- [Recorded information]:
* * * *

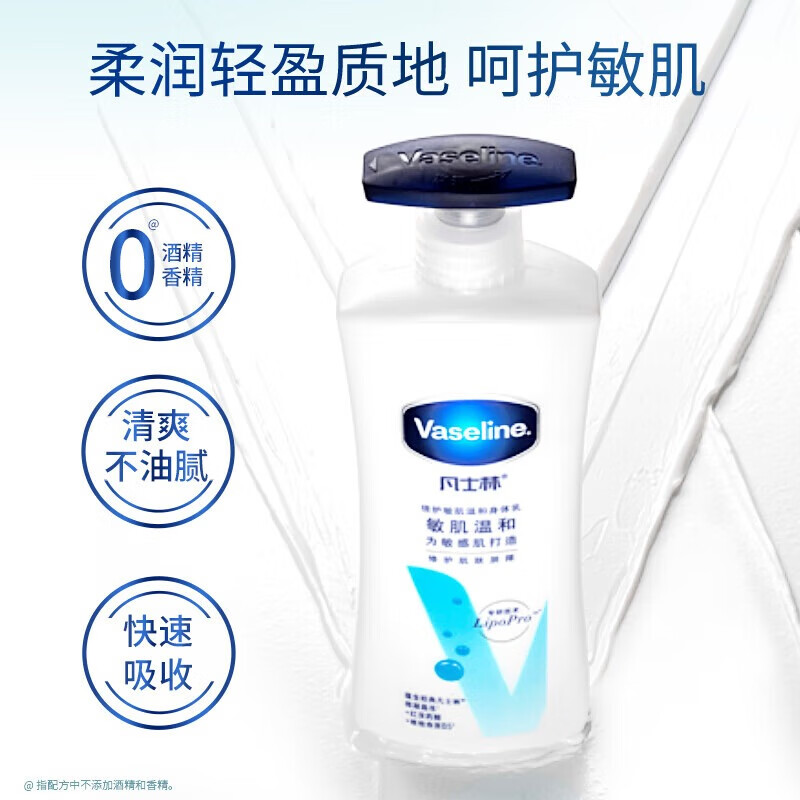 凡士林 温和舒缓 安心配方 呵护皮肤 倍护敏肌温和身体乳 330ml*12瓶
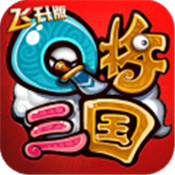 Q将三国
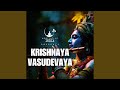 Krishnaya Vasudevaya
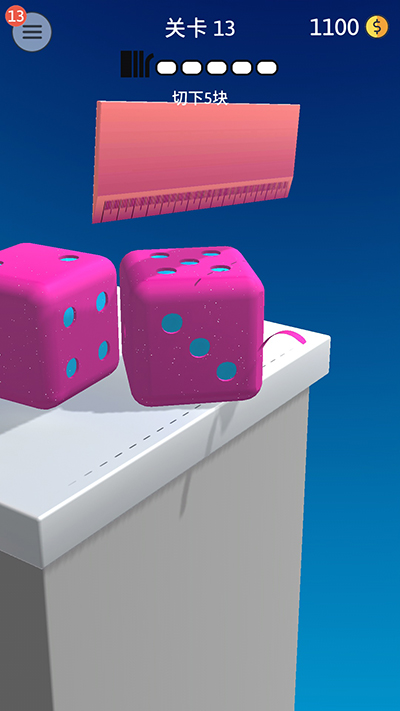 来切我鸭最新版(3)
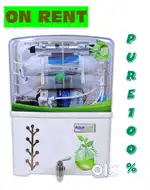 Water filter On Rent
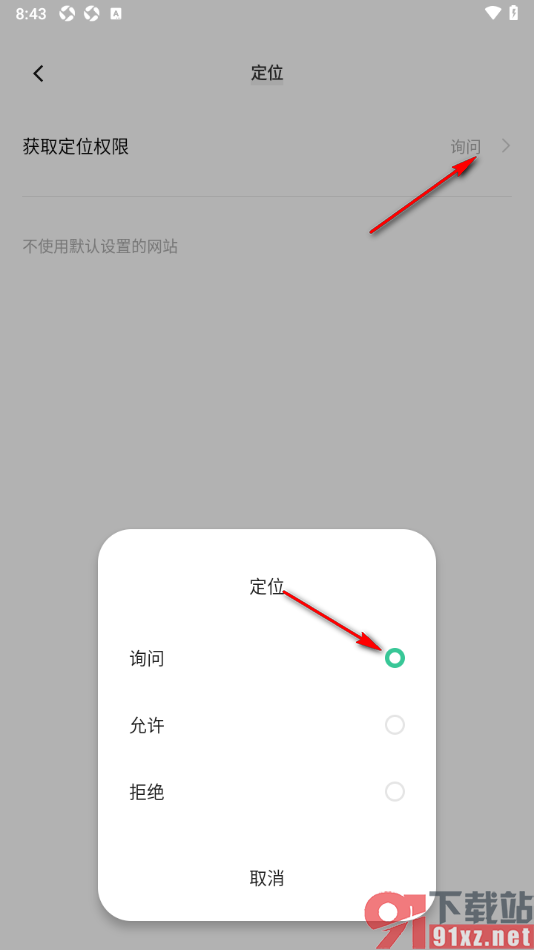 vivo浏览器APP设置获取定位权限时询问我的方法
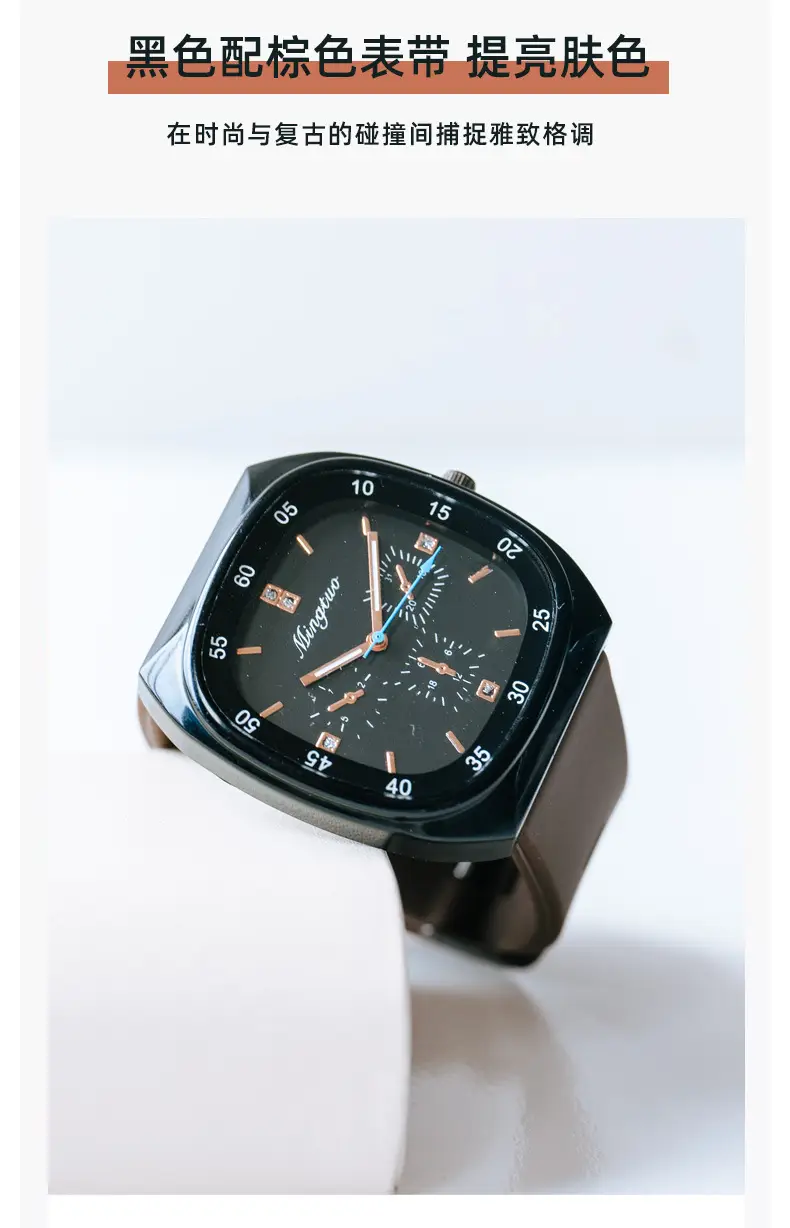 Women's Luminous Silicone Watch with 4 Subdials — feature 12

* * * *

- [What to work on]:
Copy the entries exactly. No pictures.

- [Solution to the problem]:
 凡士林 温和舒缓 安心配方 呵护皮肤 倍护敏肌温和身体乳 330ml*12瓶
 Q将三国
 Krishnaya Vasudevaya
 来切我鸭最新版(3)
 Water filter On Rent
 vivo浏览器APP设置获取定位权限时询问我的方法
 Women's Luminous Silicone Watch with 4 Subdials — feature 12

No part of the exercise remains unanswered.